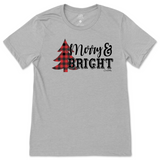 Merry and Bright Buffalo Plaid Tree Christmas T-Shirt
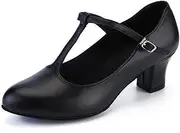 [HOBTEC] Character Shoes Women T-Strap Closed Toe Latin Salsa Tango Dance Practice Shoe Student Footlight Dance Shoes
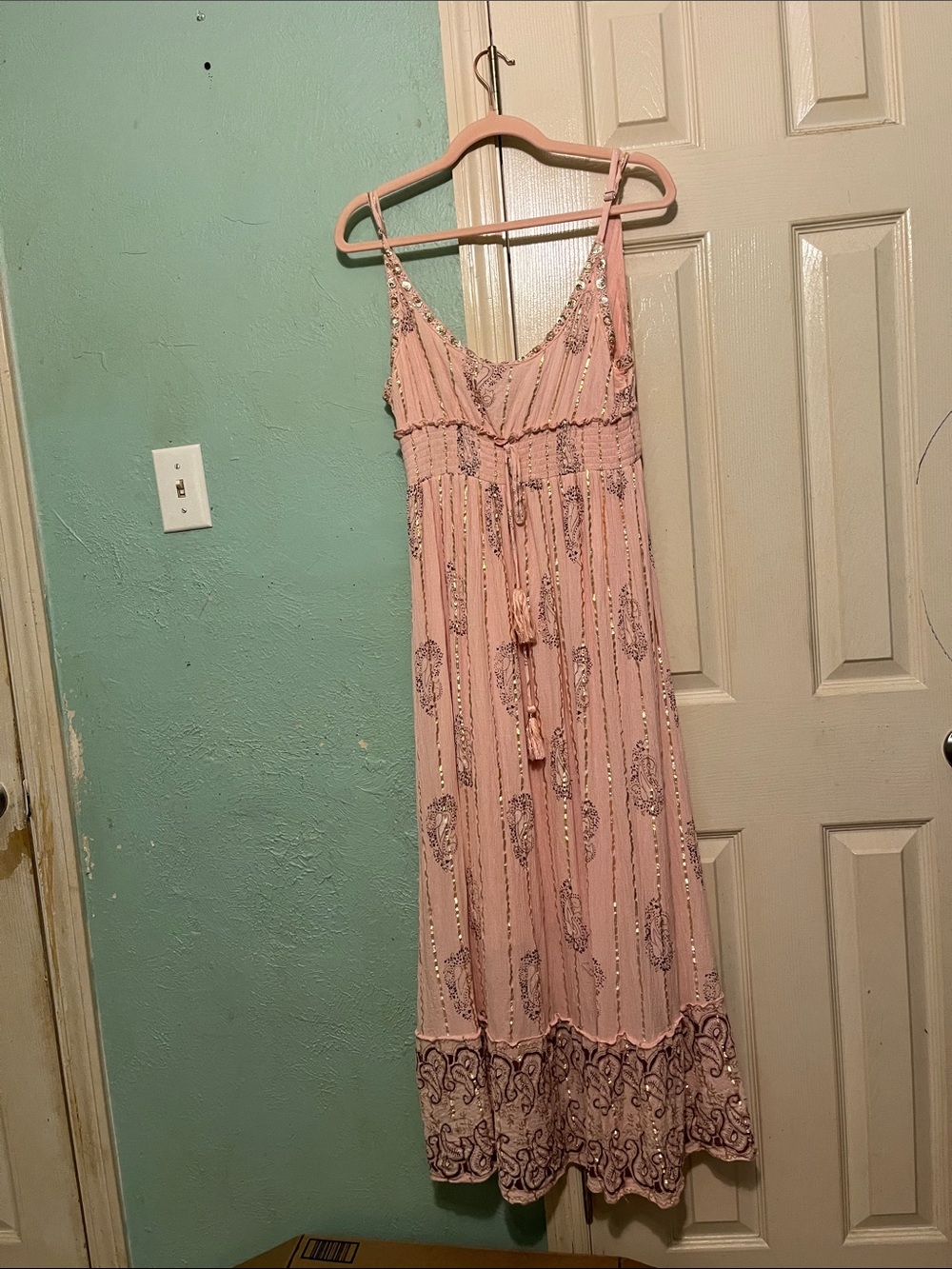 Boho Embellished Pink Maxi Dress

_ _ _ _ _

* **Task to complete**:
Please print the entire listing again exactly, minus its images.

* **Answer for the task**:
 Merry and Bright Buffalo Plaid Tree Christmas T-Shirt
 [HOBTEC] Character Shoes Women T-Strap Closed Toe Latin Salsa Tango Dance Practice Shoe Student Footlight Dance Shoes
 Boho Embellished Pink Maxi Dress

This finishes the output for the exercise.